What is the function of the 'dmitry –w' command?

To perform a whois lookup on the domain name

Which command would you use to search for all pages available on a specific site in Google?

site:

What type of information does the Google Hacking Database (GHDB) primarily provide?

A compilation of Google Dorks and their usage

Which tool can be used to quickly look up information about a specific Autonomous System Number (ASN)?

asnlookup.com

What does the 'allintext:' command do in Google Dorking?

Find pages with specific keywords in the text of the page

Study Notes

Footprinting & Reconnaissance

• Footprinting involves gathering data about a target network to identify potential points of intrusion.
• Active Footprinting requires direct interaction with the target, while Passive Footprinting gathers information without direct interaction.

Tools for Footprinting

• Passive Tools:
  • Whois, nslookup, dig, netcraft, dnssumpster, mxtoolbox, theHarvester, Dmitry, peekyou, shodan.io, wapalyzer
• Active Tools:
  • Tracert, ping, Maltego, Hunter.io, thehackertarget.com

Types of Information Obtained

• Organization Information:
  • Details about employees, contact numbers, location branches, web technologies, and relevant documents like news articles.
• Network Information:
  • Domain and sub-domains, network blocks, IP addresses, and DNS records.
• System Information:
  • Web server OS, email addresses, and publicly available usernames/passwords.
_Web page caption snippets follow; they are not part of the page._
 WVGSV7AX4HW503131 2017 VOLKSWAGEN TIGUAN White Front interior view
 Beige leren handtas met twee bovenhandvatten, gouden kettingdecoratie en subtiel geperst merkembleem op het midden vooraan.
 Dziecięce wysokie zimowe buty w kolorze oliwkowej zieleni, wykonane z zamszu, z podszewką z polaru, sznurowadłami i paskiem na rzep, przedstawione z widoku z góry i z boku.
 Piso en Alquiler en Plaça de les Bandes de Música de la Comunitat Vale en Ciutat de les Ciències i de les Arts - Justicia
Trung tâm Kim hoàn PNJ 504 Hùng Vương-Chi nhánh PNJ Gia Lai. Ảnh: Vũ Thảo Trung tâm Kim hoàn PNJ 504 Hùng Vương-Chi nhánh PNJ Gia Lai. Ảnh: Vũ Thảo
Reconnaissance through Search Engines

• Search engines are critical for gathering information about target organizations, including employee profiles and technological platforms.
• Advanced search operators enhance query capabilities for filtering specific information.
• Major search engines include Google, Bing, Yahoo!, DuckDuckGo, and Baidu.

Advanced Google Hacking Techniques

• Google Dorks:
  • Use specific syntax to find sensitive information:
    • filetype: for file types, intitle: matches keywords in titles, inurl: for specific URLs, link: finds linked pages, etc.
• Google Hacking Database (GHDB):
  • Contains collections of Google Dorks for ethical hacking.
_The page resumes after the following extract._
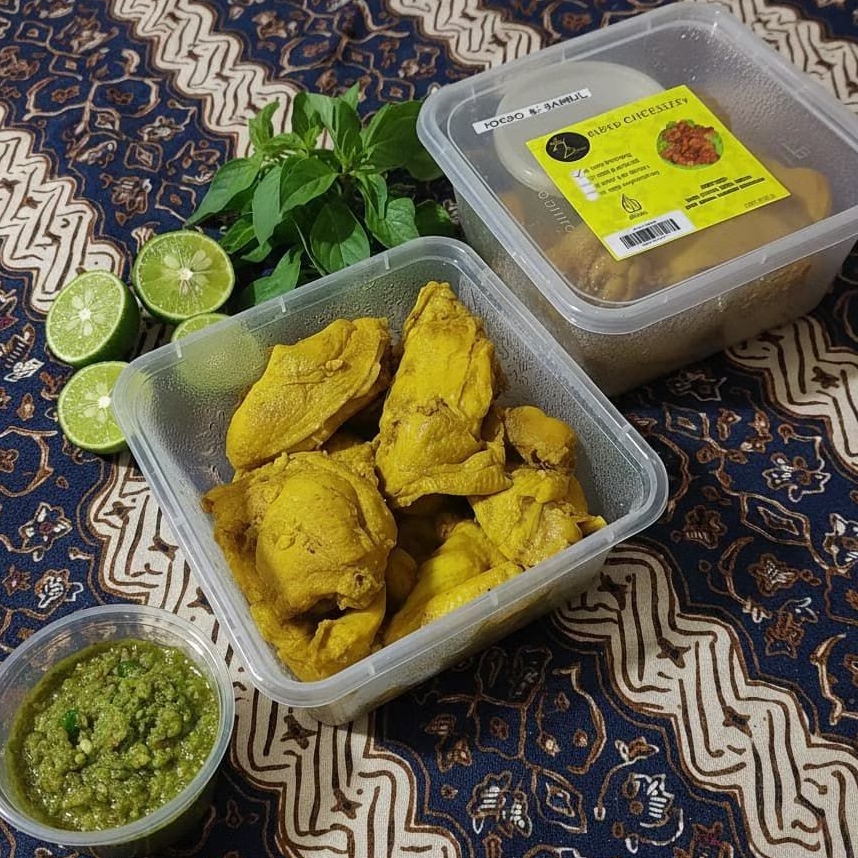 AYAM UNGKEP BESAR + Bonus SAMBAL IJO Hijau Penyet 4 potong 2 Paha 2 Dada Spesial Empuk Enak Gurih Ni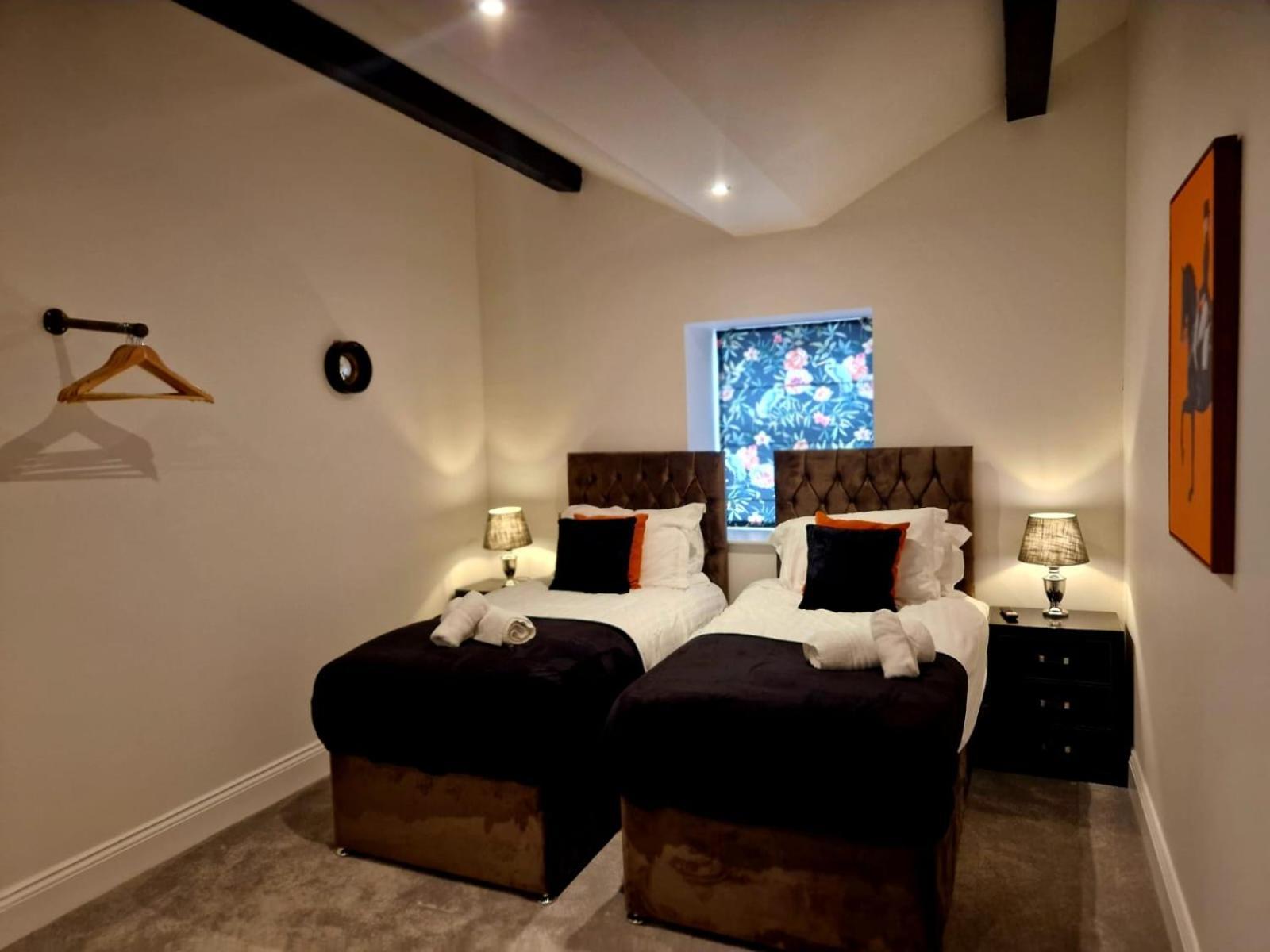 The Hamilton Luxury Let's- Holly Barn * Scorton (Lancashire)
Web Services for Footprinting

• Tools for finding top-level domains (TLDs) and sub-domains include Netcraft, Sublist3r, and Assestfinder.
• ASN Lookup tools provide details on IP addresses and organizations.

Gathering Information from LinkedIn

• Dmitry:
  • Use dmitry -w for whois lookups or dmitry -s for sub-domain information.

DNS Footprinting

• DNS records provide essential network information, such as A (IPv4), AAAA (IPv6), MX (mail server), and NS (name server).
• DNS querying tools include Security Trails, Mxtoolbox, and DNSDumpster.
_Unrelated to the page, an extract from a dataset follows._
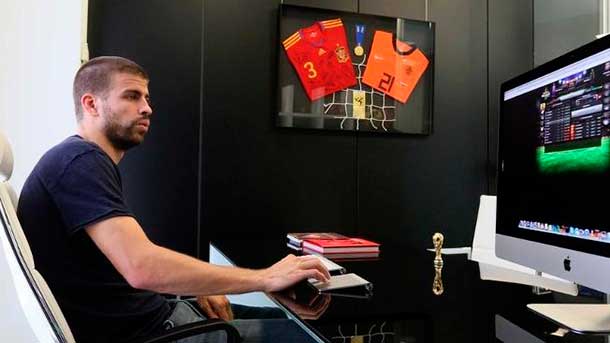 El central del fc barcelona gerard piqué es ahora empresario gracias al pc fútbol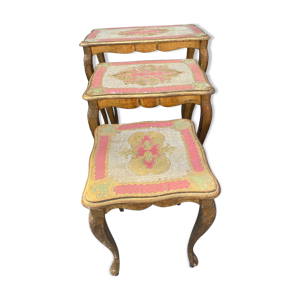 3 tables gigognes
Social Engineering Techniques

• Eavesdropping: Intercepting unauthorized communication.
• Shoulder Surfing: Observing targets to collect sensitive information.
• Impersonation: Misleading individuals into revealing information by pretending to be someone else.

User Reconnaissance Tools

• UserRecon: Searches usernames across 75 social media platforms.
• Sherlock: Similar to UserRecon but more focused on username searches.
• TheHarvester: Collects information from public sources regarding email addresses and entities.

DNS Record Types

• A: Maps hostname to IPv4 address.
• CNAME: Maps an alias to an A record.
• MX: Lists mail servers.
• NS: Lists name servers.

IP Address Management Authorities

• ARIN: North America
• APNIC: Asia Pacific
• RIPE: Europe, Middle East
• LACNIC: Latin America
• AFRINIC: Africa

Tools for Network Footprinting

• Traceroute: Maps the path data takes to reach its destination; uses ICMP echo for Windows (tracert) and Linux (traceroute).
• OSRFramework: Utilizes open-source intelligence to gather data on targets.
• Maltego and Shodan: Capture extensive network-related information from connected devices.

DNS Security

• DNS Poisoning: Redirects requests to malicious servers.
• DNSSEC: Prevents DNS poisoning via encrypted records.

SOA Record Fields

• Contains information such as the source hostname, contact email, and serial numbers for zone file revisions.

Description

This quiz explores the concepts of footprinting and reconnaissance in information security. Learn about active and passive footprinting techniques, and discover various tools used for gathering data on target networks. Enhance your understanding of how these methods form the basis for potential cyberattacks.